La impunidad no solo dejó sin castigo el crimen de unos cincuenta millones de hermanos, contando solo los de los primeros años, digo sin hablar de los que morían en las minas de Potosí o las plantaciones de yerba maté de Misiones, sino que creo las condiciones materiales para la frustración de la revolución de Mayo. La impunidad no es una cuestión jurídica y mucho menos un problema personal de las víctimas, sus familiares, amigos o compañeros de militancia. La impunidad ha sido hasta ahora el principal mecanismo del poder para garantizar su continuidad como Poder; allí donde el Poder es fraude electoral, para consumarlo; y allí donde es guerra abierta contra el pueblo como en Colombia para seguir con los crímenes.
La impunidad del Genocidio español no solo frustró el Mayo sino que permitió la Guerra de la Triple Alianza y la llamada Campaña del Desierto, a finales del siglo XIX, Segundo Genocidio que exterminó la Nación Guaraní, liquidó la resistencia del interior a la hegemonía del Puerto de Buenos Aires sobre la Nación y “limpió” la pampa húmeda y la Patagonia de “indeseables” pueblos para montar el país agro exportador que todavía predomina en la vida económica. Ayer ovejas y vacas, luego trigo y maíz, ahora soja transgénica forrajera; pero siempre el mismo sujeto beneficiario, la burguesía agraria que surgió de los dos genocidios, el español y el del naciente estado argentino. Y la impunidad del Segundo Genocidio es el que permitió la constitución de un estado represor que ha oscilado entre el golpe de estado y los ciclos de vigencia constitucional. Que al menos aquí, todavía no conocemos la democracia verdadera.

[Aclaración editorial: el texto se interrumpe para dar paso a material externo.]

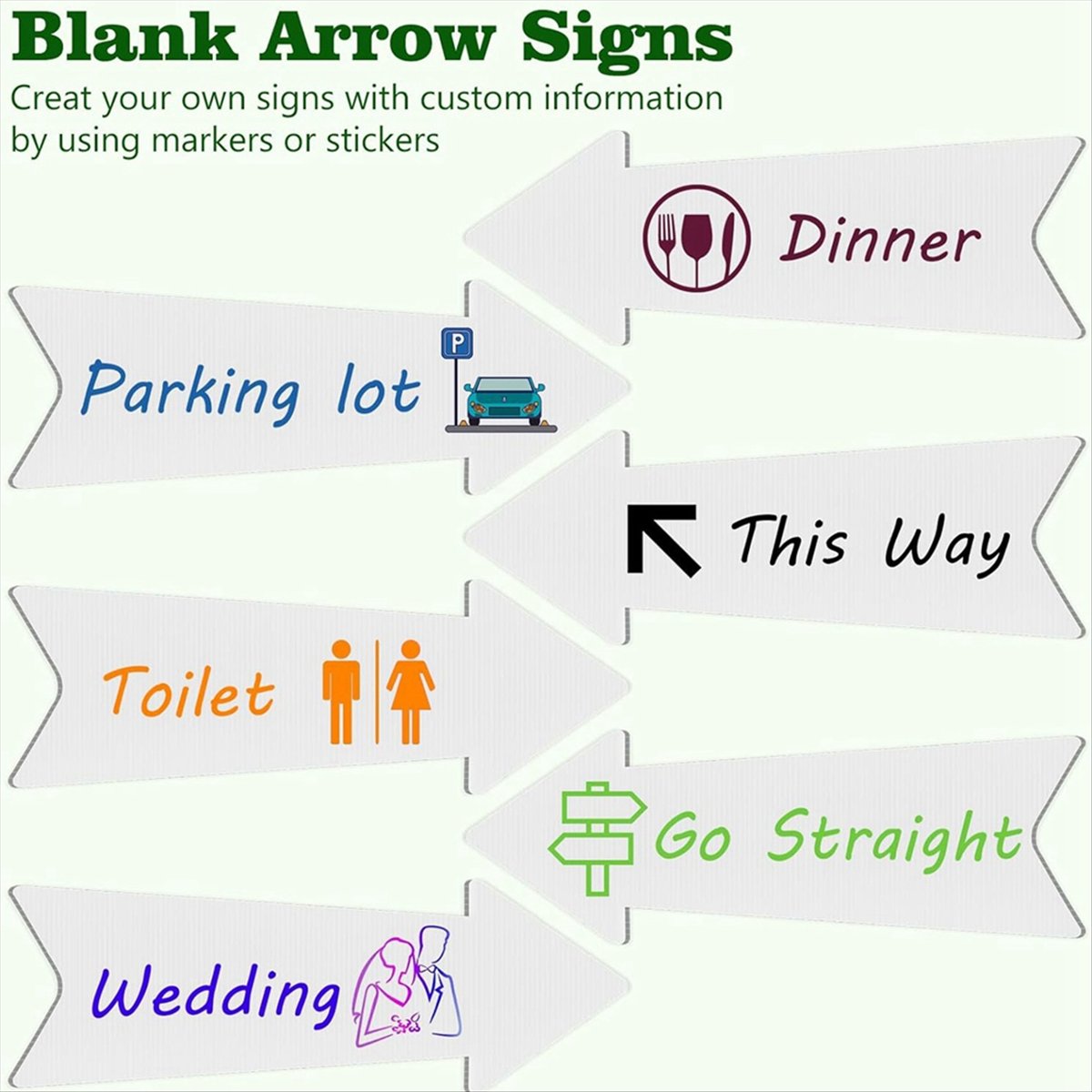 (AIMA) Rambu Panah Penunjuk Ar - Yard Sign Blank ulasan dan harga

Es en la historia del estado represor del siglo XX que se explica el Terrorismo de Estado de los setenta y en la impunidad del mismo, el triunfo de Menem y el neoliberalismo de los noventa.
Fue después de su derrota en Vietnam que los yanquis organizaron la gran operación continental terrorista que tapó casi todo el mapa de dictaduras militares y desplegó una metodología de exterminio que parece una sola, como se parecen nuestros Vuelos de la Muerte con las Fosas descubiertas en 2010 en Macarena, Colombia. Leyendo los dos fallos del Tribunal Permanente de los Pueblos sobre el Genocidio que se viene cometiendo en Colombia desde hace décadas a veces uno se pierde en la geografía: ¿cuál Coca Cola manda matar, la de aquí o la de allá?; ¿cuál grupo paramilitar asesina, corta los testículos y los cose en la boca, la Triple A o la Autodefensa Unida?; ¿ qué político llama a exterminar la subversión Isabelita o Uribe?, ¿qué empresa apoya el Terrorismo de Estado, la siderúrgica Acindar de Argentina o la fruticultora Chiquita Brands de Colombia?. Por eso somos (o debieramos ser) más latinoamericanos que nunca, hermanos como nos querían San Martín, Bolivar, José Martí, Salvador Allende y el Che Guevara
Cierto es que en ambos países el Terrorismo de Estado no nació en los setenta pero sí pegó un salto de calidad que nos obliga a cortar de una vez su reproducción ampliada, pues ni aquí ni allá la próxima oleada será menor o igual, será mayor y más perversa. Esa es la lógica de la historia del Terrorismo de Estado, o lo derrotamos o sencillamente nos termina exterminando. Insistimos, la impunidad no es solo una cuestión jurídica con implicancias éticas o morales; es el límite del cambio social, es el gran reaseguro del status quo y con ello, del mantenimiento de las condiciones que originaron el conflicto social y volverá a hacerlo una y otra vez porque se pueden matar miles, decenas de miles, cientos de miles, pero no se puede matar a todos los obreros y todos los campesinos, y de sus condiciones de vida y de trabajo, del medio ambiente que les permitan tener surgirán las condiciones para la lucha y para la respuesta represiva.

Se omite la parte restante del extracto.